Your Chairman of the Joint Chiefs of Staff recently announced that U.S. troop levels in Afghanistan could rise to as high as 60,000 over the next 12 to 18 months. And it appears that you plan to leave a residual force in Iraq of 35,000 to 50,000 troops. The United Nations recently reported that civilian causalities in Afghanistan have risen to the highest number yet. Yet, you have expanded the use of drones and taken your war to heavily populated areas in Pakistan/Afghanistan. Is this your idea of peaceful diplomacy, Mr. President?
Mr. President, please tell me, What have you done for working men and women in this country? You recently ushered in a health care bill that is an out-and-out gift to the insurance industry. I suppose this shouldn’t surprise me, considering how industry lobbyists have contributed heavily to Democrats on key committees. And you have sanctioned a 1.7 billion dollar bailout for big banks and corporations. None of it is going to education or to help ordinary working Americans.
For all this, you effectively tapped into the hopes and aspirations of millions of progressives who longed for a more peaceful world and a new way of doing business. I know this because I have read many of their letters to you over the past year, most of which you will never read. But there is one letter that I hope you will read and contemplate as thoughtfully as you now peruse Lincoln’s letters and biography. This, the most significant missive, was written when you were just a boy, long before you ever contemplated becoming president of the United States. That would be the speech delivered by Dr. Martin Luther King, Jr. at Riverside Church in New York City in 1967: Beyond Vietnam — A Time to Break Silence. I hope with all my heart that you will consider this speech carefully and reflect deeply on how our violent foreign policy impoverishes us as a nation, undermining the ideals of liberty, justice and equality that we espouse. You have often evoked Dr. King’s memory in your speeches, but did you ever stop to contemplate how radical his message actually was? I wonder. In case you missed it, here’s what Dr. King said:
“We are called to speak for the weak, for the voiceless, for the victims of our nation and for those it calls ‘enemy,’ for no document from human hands can make these humans any less our brothers.

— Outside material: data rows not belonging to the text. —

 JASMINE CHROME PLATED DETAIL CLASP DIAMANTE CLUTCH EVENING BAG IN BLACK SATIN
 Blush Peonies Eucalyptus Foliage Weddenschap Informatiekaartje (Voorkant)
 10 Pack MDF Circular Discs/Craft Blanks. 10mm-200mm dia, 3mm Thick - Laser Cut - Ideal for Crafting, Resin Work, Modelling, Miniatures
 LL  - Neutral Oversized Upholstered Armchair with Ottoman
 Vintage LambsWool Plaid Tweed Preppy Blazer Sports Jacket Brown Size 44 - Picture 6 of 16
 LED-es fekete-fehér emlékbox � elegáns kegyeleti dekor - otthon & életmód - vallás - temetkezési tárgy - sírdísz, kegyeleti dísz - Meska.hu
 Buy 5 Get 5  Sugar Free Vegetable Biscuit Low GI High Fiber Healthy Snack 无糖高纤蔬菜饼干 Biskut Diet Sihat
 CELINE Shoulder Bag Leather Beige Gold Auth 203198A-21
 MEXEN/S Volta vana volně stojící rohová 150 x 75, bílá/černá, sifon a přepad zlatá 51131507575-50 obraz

“Every nation must now develop an overriding loyalty to mankind as a whole in order to preserve the best in their individual societies.
“A true revolution of values will soon look uneasily on the glaring contrast of poverty and wealth. With righteous indignation, it will look across the seas and see individual capitalists of the West investing huge sums of money in Asia, Africa, and South America, only to take the profits out with no concern for the social betterment of the countries, and say, ‘This is not just.’
“A true revolution of values will lay hand on the world order and say of war, ‘This way of settling differences is not just.’ This business of burning human beings with napalm, of filling our nation’s homes with orphans and widows, of injecting poisonous drugs of hate into the veins of peoples normally humane, of sending men home from dark and bloody battlefields physically handicapped and psychologically deranged, cannot be reconciled with wisdom, justice, and love. A nation that continues year after year to spend more money on military defense than on programs of social uplift is approaching spiritual death.”
Mr. President, in the words of Dr. King, “War is not the answer.” Thank you.